Python列表及其拆分

Question

For example, I have such code

a = ["a;b", "c;d",...,"y;z"]

I want to split every list element into to items of the same list. So i wanna get something like this:

["a", "b", "c", "d", ...., "y", "z"]

How can I do such thing?
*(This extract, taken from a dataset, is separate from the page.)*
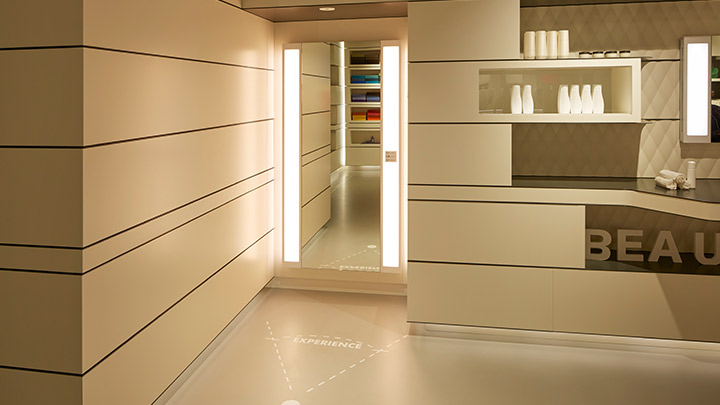 Éclairage de cabine d'essayage pour simuler différentes conditions lumineuses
Thanks for your answers.

Answer 1

Using only string operations seem to be simplest (this is subjective, of course) and fastest (by a huge margin, compared to other solutions posted so far).
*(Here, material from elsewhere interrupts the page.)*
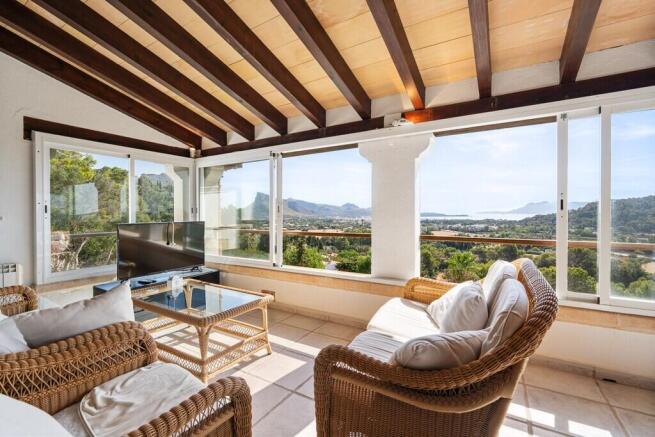 Enclosed Terrace (2)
>>> a = ["a;b", "c;d", "y;z"]
>>> ";".join(a).split(";")
['a', 'b', 'c', 'd', 'y', 'z']

Proof / benchmarks

Sorted in ascending order of elapsed time:

python -mtimeit -s'a=["a;b","x;y","p;q"]*99' '";".join(a).split(";")'
10000 loops, best of 3: 48.2 usec per loop

python -mtimeit -s'a=["a;b","x;y","p;q"]*99' '[single for pair in a for single in pair.split(";")]'
1000 loops, best of 3: 347 usec per loop

python -mtimeit -s'from itertools import chain; a=["a;b","x;y","p;q"]*99' 'list(chain(*(s.split(";") for s in a)))'
1000 loops, best of 3: 350 usec per loop

python -mtimeit -s'a=["a;b","x;y","p;q"]*99' 'sum([x.split(";") for x in a],[])'
1000 loops, best of 3: 1.13 msec per loop

python -mtimeit -s'a=["a;b","x;y","p;q"]*99' 'sum(map(lambda x: x.split(";"), a), [])'
1000 loops, best of 3: 1.22 msec per loop

python -mtimeit -s'a=["a;b","x;y","p;q"]*99' 'reduce(lambda x,y:x+y, [pair.split(";") for pair in a])'
1000 loops, best of 3: 1.24 msec per loop

Answer 2

You can use itertools.chain :

>>> a = ["a;b", "c;d","y;z"]
>>> list(itertools.chain(*(s.split(';') for s in a)))
['a', 'b', 'c', 'd', 'y', 'z']

Answer 3

A bit more functional approach:

>>> l = ["a;b", "c;d", "e;f", "y;z"]
>>> sum(map(lambda x: x.split(';'), l), [])
['a', 'b', 'c', 'd', 'e', 'f', 'y', 'z']

Answer 4

That's work :

l = []
for item in ["a;b", "c;d", "e;f"]:
     l += item.split(";")

print l

It gives :

['a', 'b', 'c', 'd', 'e', 'f']

Answer 5

a = ["a;b", "c;d","y;z"]
print [atom for pair in a for atom in pair.split(';')]

gives what you want:

['a', 'b', 'c', 'd', 'y', 'z']

note: i can't tell you how to get from '...' to '....' in the middle of your array :)

Answer 6

l = []
for current in [c.split(';') for c in a]:
   l.extend(current)

You might want to read up on list comprehensions http://docs.python.org/tutorial/datastructures.html#list-comprehensions

Answer 7

a = ["a;b", "c;d","e;f","y;z"]
b = []
for i in a:
    c = i.split(';')
    b = b + c

print b

Answer 8

A bit longer than Felix Kling's answer, but here goes. First split the list into sub-lists

>>> a_split = [i.split(";", 1) for i in a]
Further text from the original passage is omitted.